Vodafone Great Debate about Social Responsibility, Ashesi Strategic Marketing student teams and Dr. Neville as 1 of 3 judges
Going into the leadership series, I knew the least and therefore learned the most about African philosophy and political theory central to Leadership II: “Rights, Ethics and Rule of Law.” Through the semester, students and I analyzed social and political theory towards building and nurturing a “good society” where citizens have rights and yet are also expected to uphold responsibilities. Together, we crossed vast territory.
In all of my leadership courses, I stressed my own understanding of leadership as the leading we each do every day through every choice and action – I call this “leadership with a little l.” The same principles apply to little l leaders as apply to “out there” leaders, people who are hierarchically in charge or voted into office or appointed with explicit fiduciary responsibility to a particular stakeholder group. I call this “out there” leadership, “leading with a Big L.”

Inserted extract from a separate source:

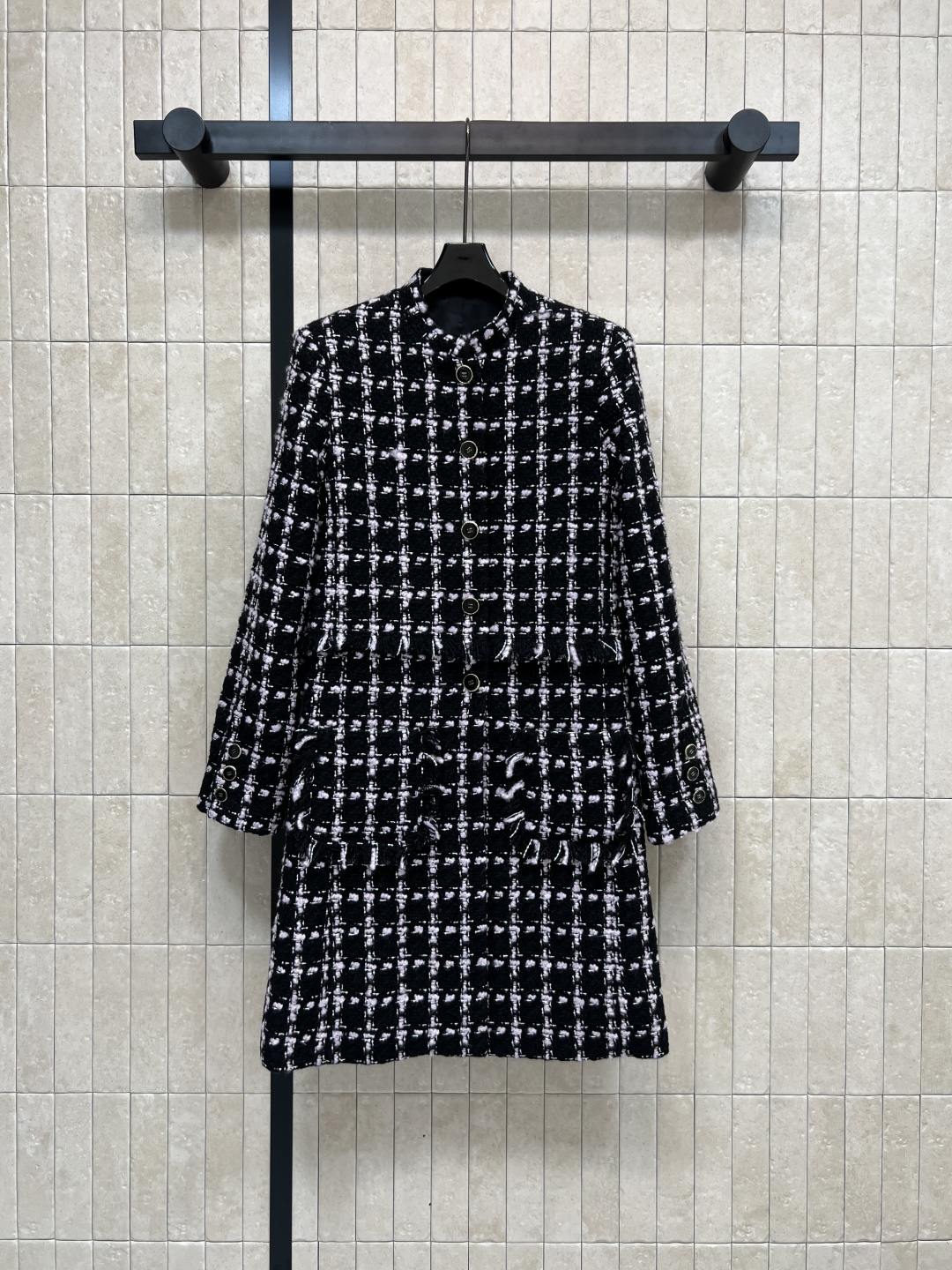 NO:499423,Xiaoxiangjia 25 autumn and winter new style plaid tweed series Round neck short jacket + round neck dress jacket + short skirt A series of matching top body is very elegant, fashionable and high-end tone Original three-dimensional woven plaid tweed fabric Customized logo buckle decoration Heavy craftsmanship plaid tailoring and hand-sewn buttons + linger strip slanting The lining is also customized camellia One color three code Size/36-38-40,,chanel, skirts, jackets & coats,alexander wang19860909小香家 25秋冬新款 格纹粗花呢系列 圆领短款外套+圆领连衣裙外套 +短裙 一系列搭配上身很抬气质 时髦又高级的调调 原版开发立体编织格纹粗花呢面料 定制logo扣饰装饰 重工艺对格剪裁和手工缝制纽扣+琏条摆边 里衬也是定制的山茶花 一色三码 Size/36-38-40,,chanel,skirts,jackets & coats,alexander wang,Women's clothing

Big L leadership is what most traditionally gets taught or studied in formal education. Little l significance depends on a personal empowerment view, an inter-connectedness, a belief that each individual and each action is somehow connected to every other individual and action.
International Night, 2013
I suspect my American students think I am being a bit of a goodie-two-shoes when I say that they are the source of change for tomorrow’s world, no matter what career they pursue. Here, the Ashesi students take on the responsibility of making themselves that source for change – they are already the elite merely by attending college whether on full scholarship and first generation college or full-pay having already schooled abroad. These students must absolutely be, or quickly become, both little l leaders and big L leaders in order to gather a critical mass of committed change makers.
When I return to the U.S., I will argue that the American students have an even greater responsibility to become little and big L leaders than I had ever imagined, simply because they/we have been born into so much privilege.
And so to my sister who wanted to know what I would do here – I see now more clearly what I have done. I have coached and taught over 200 young people, helping to empower them to create their own forms of “good society” as they go out into the world of commerce. I have offered them comparative models and comparative principles from my culture as I absorbed principles, paradigms, and cultural practices from their cultures. I have also joined a community of scholars by supervising senior thesis projects, collaborating on joint research agendas, and probing into possibilities for education innovation.
Faculty meeting research presentation – Neville on Liberal Arts findings
As a researcher, I am learning from Ashesi alumni, people already out in the world practicing “good business.” Alums, through their stories, provided data from which I can build hypotheses about the capacities these young professionals have most relied upon in order to be the high integrity change that they hope to see in the world. My research outcomes will be recommendations about curricular approaches – especially for business teachers – for teaching integrity and courage (two emergent themes). The links between integrity and innovation, business and technology, theory and application, are precisely why I entered academia as a teacher-scholar 10 years ago; it is precisely too why I so firmly believe that liberal arts and business, computer science, engineering, nursing belong together. (But perhaps that is itself a different conversation.)
For now, I’ll stop with a shared hope to change the world, albeit through the small and ever growing band of committed individuals. Perhaps this is precisely the character of grass-roots diplomacy and change which Senator Fulbright imagined when introducing the Fulbright Scholars programs 60 years ago.
Note: I am deeply grateful to all who have made this learning journey possible, both here in Ghana and in the U.S., not the least of whom are my departmental colleagues at Southwestern, my home university, for “holding down the fort” while I’m away.